Shortly thereafter, another church contacted Steve, and a few months later, he accepted the call at Dry Creek Bible Church, his present charge.
Satisfied other half During this time, and his stretch of burnout several years later, Steve’s ballast was his wife, Pris. She is at peace with being a pastor’s wife; she says, “I always knew I would marry a pastor, so the money was never an issue.” The daughter of a pastor, she says she probably struggled less with their money problems than Steve. Money was never a reason to badger Steve into leaving ministry. Her involvement in Steve’s work is presently limited (now there are four children), but she views her role as Steve’s partner in the work of the church.
In addition to the specific call to be a pastor, satisfied pastors have a support network. For male pastors, the support comes, not surprisingly, primarily from their wives. But that does not necessarily mean the spouse plays the piano, sings in the choir, and leads the women’s Bible study.

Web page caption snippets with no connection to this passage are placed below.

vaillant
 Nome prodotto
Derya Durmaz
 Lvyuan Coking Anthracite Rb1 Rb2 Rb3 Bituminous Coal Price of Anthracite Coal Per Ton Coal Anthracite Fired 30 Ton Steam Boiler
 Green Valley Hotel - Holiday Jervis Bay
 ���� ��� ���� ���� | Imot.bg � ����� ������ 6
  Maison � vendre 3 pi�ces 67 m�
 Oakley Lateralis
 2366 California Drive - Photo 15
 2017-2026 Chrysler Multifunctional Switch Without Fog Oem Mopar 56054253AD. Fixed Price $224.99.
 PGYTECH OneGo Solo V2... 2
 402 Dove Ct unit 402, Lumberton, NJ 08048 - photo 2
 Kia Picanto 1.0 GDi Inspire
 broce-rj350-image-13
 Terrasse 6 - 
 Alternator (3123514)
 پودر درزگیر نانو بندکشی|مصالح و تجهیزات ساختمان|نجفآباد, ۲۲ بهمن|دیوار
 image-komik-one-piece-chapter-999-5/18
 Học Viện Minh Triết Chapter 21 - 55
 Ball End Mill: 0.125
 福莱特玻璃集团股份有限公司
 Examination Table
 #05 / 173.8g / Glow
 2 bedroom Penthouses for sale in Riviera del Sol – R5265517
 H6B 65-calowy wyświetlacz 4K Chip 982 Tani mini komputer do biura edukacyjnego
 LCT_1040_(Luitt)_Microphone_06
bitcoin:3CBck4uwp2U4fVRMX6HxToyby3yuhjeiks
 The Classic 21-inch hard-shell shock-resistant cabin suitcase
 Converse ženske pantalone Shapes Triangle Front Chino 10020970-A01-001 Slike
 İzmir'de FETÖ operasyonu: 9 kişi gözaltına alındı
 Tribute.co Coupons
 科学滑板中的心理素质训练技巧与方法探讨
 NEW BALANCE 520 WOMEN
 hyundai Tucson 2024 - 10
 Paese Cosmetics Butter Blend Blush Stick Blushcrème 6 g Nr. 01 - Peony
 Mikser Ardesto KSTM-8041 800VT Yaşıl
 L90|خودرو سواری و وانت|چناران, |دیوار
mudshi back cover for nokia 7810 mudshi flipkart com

Not all pastors’ wives participate (or are able or want to participate) in their husbands’ work. A 1996 LEADERSHIP study reported that almost two-thirds of pastors’ wives work outside the home. But satisfied pastors are married to a satisfied spouse. Schaller says that when he finds a supportive pastor’s wife, he finds three things: The wife is happy being married to a pastor, happy with the community in which the congregation is located, and happy with the congregation.
“Two out of three is good if you’re a baseball player,” says Schaller. “But here it’s three out of three.”